Your objective: A picture-free, exact transcript of the entries below is required.

↓↓↓

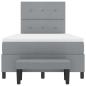 Preview: Boxspringbett mit Matratze & Bank Hellgrau 120x190 cm Stoff
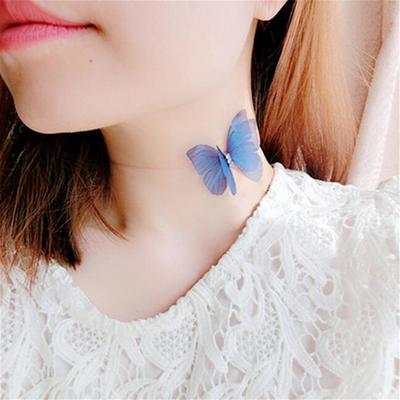 Crystal 3d silk yarn butterfly choker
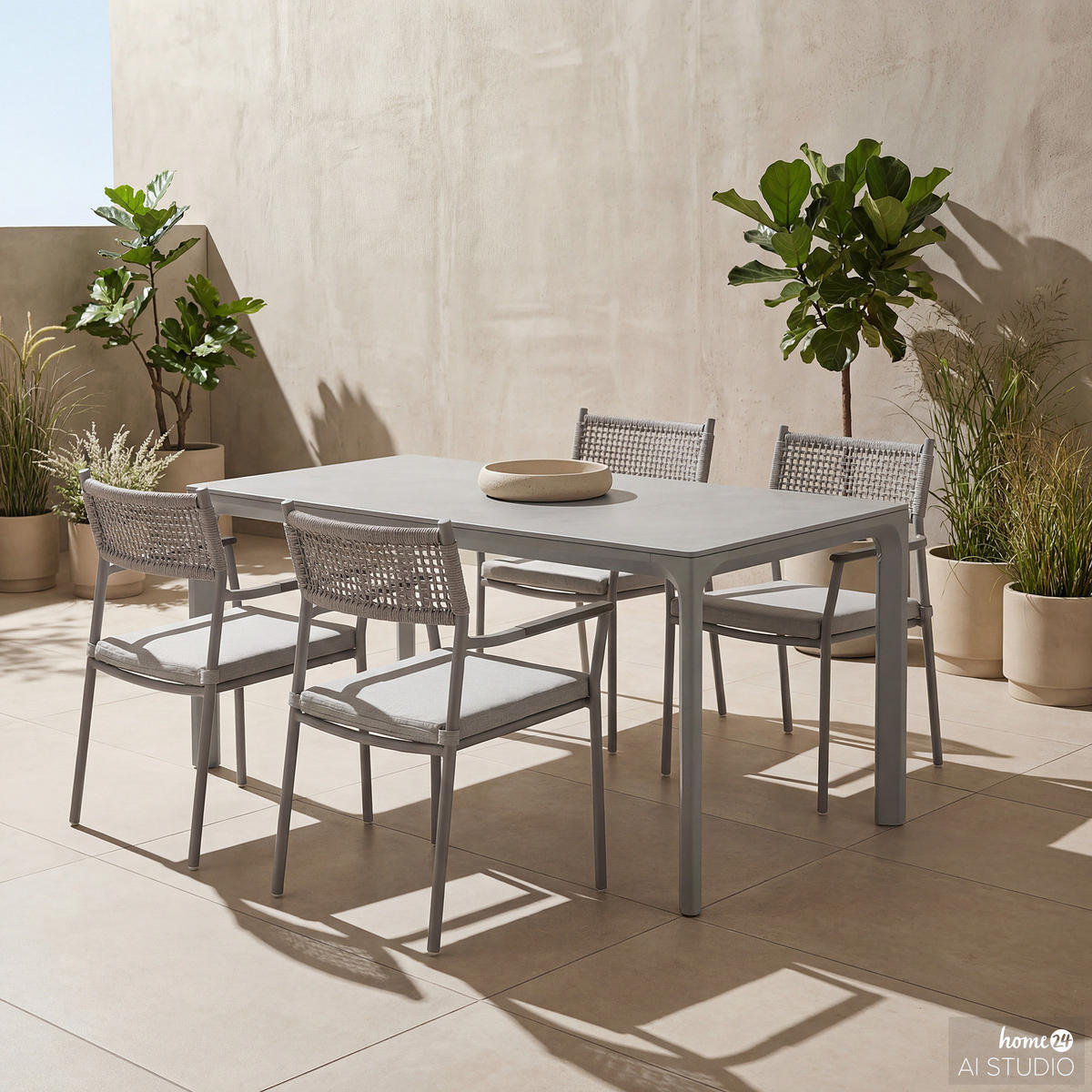 GARTENESSGRUPPE - Aluminium / Granit - Grau - 5-teilig - Grau, Kunststoff/Textil - home24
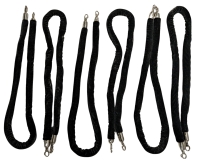 6 Thick Black Velvet Barrier Ropes (67" Long) w Heavy Duty Clips on Both Ends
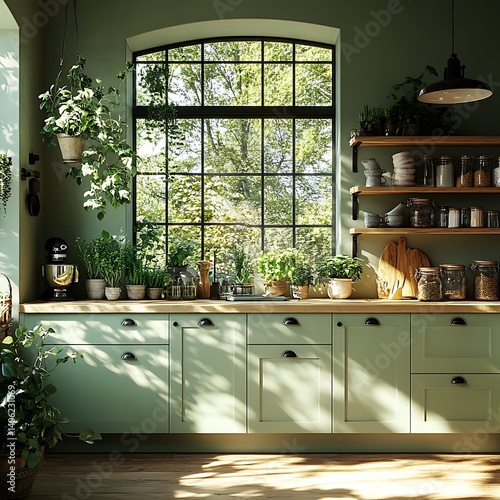 Obraz na płótnie Serene kitchen interior featuring natural light, verdant plants, and wooden elements for a peaceful and inviting atmosphere. w salonie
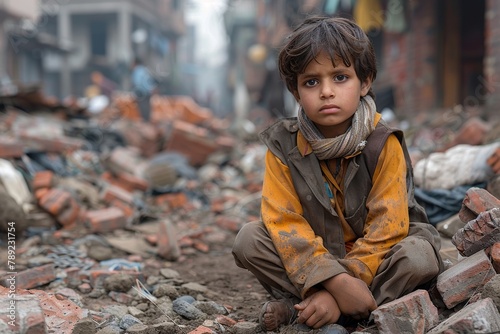 A young boy with a solemn expression sitting on bricks amid destruction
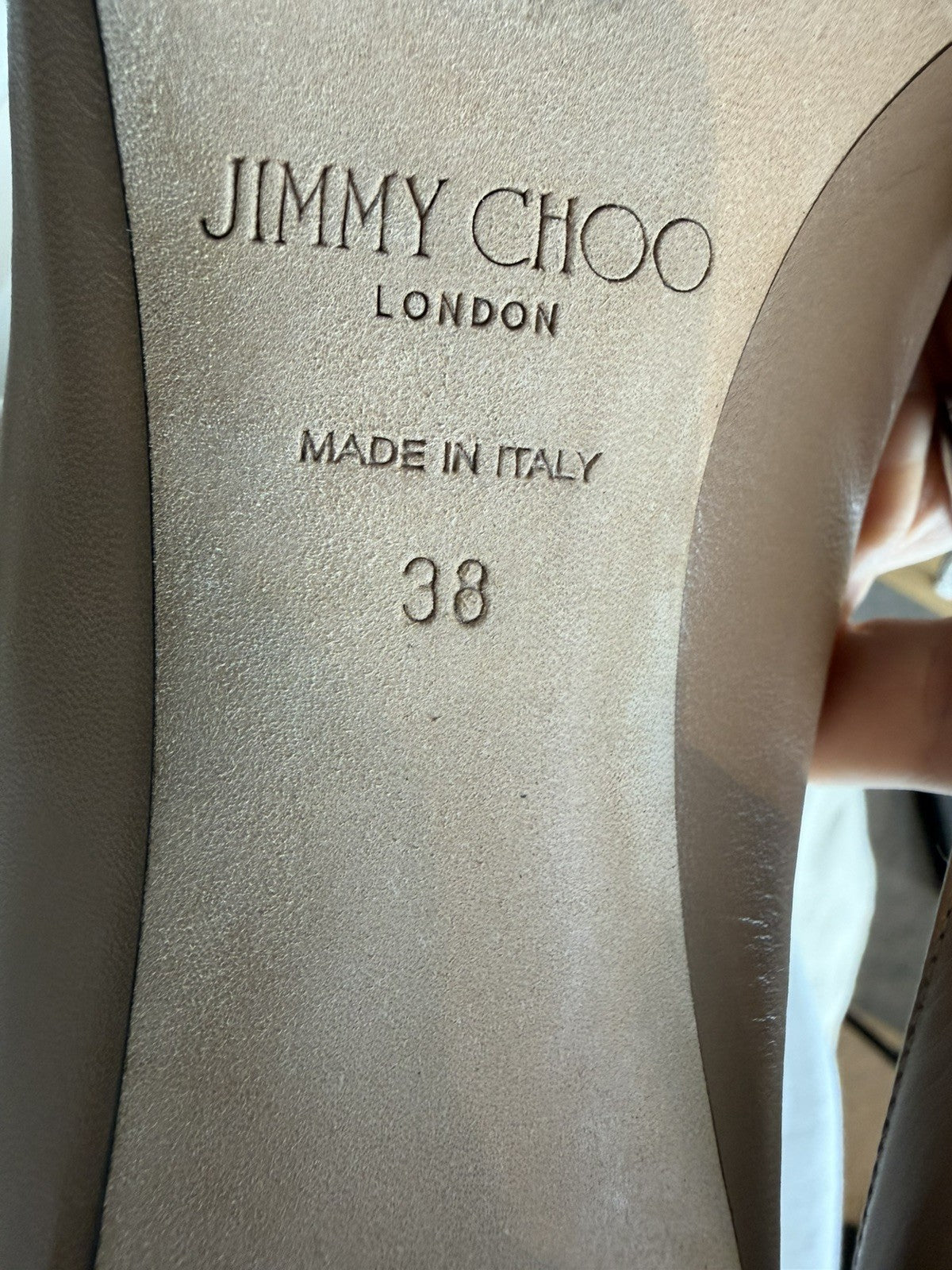 Authentic Jimmy Choo Romy 85 Pumps Shoes sz 38 In Nude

↑↑↑

Solution to the exercise:
 Preview: Boxspringbett mit Matratze & Bank Hellgrau 120x190 cm Stoff
 Crystal 3d silk yarn butterfly choker
 GARTENESSGRUPPE - Aluminium / Granit - Grau - 5-teilig - Grau, Kunststoff/Textil - home24
 6 Thick Black Velvet Barrier Ropes (67" Long) w Heavy Duty Clips on Both Ends
 Obraz na płótnie Serene kitchen interior featuring natural light, verdant plants, and wooden elements for a peaceful and inviting atmosphere. w salonie
 A young boy with a solemn expression sitting on bricks amid destruction
 Authentic Jimmy Choo Romy 85 Pumps Shoes sz 38 In Nude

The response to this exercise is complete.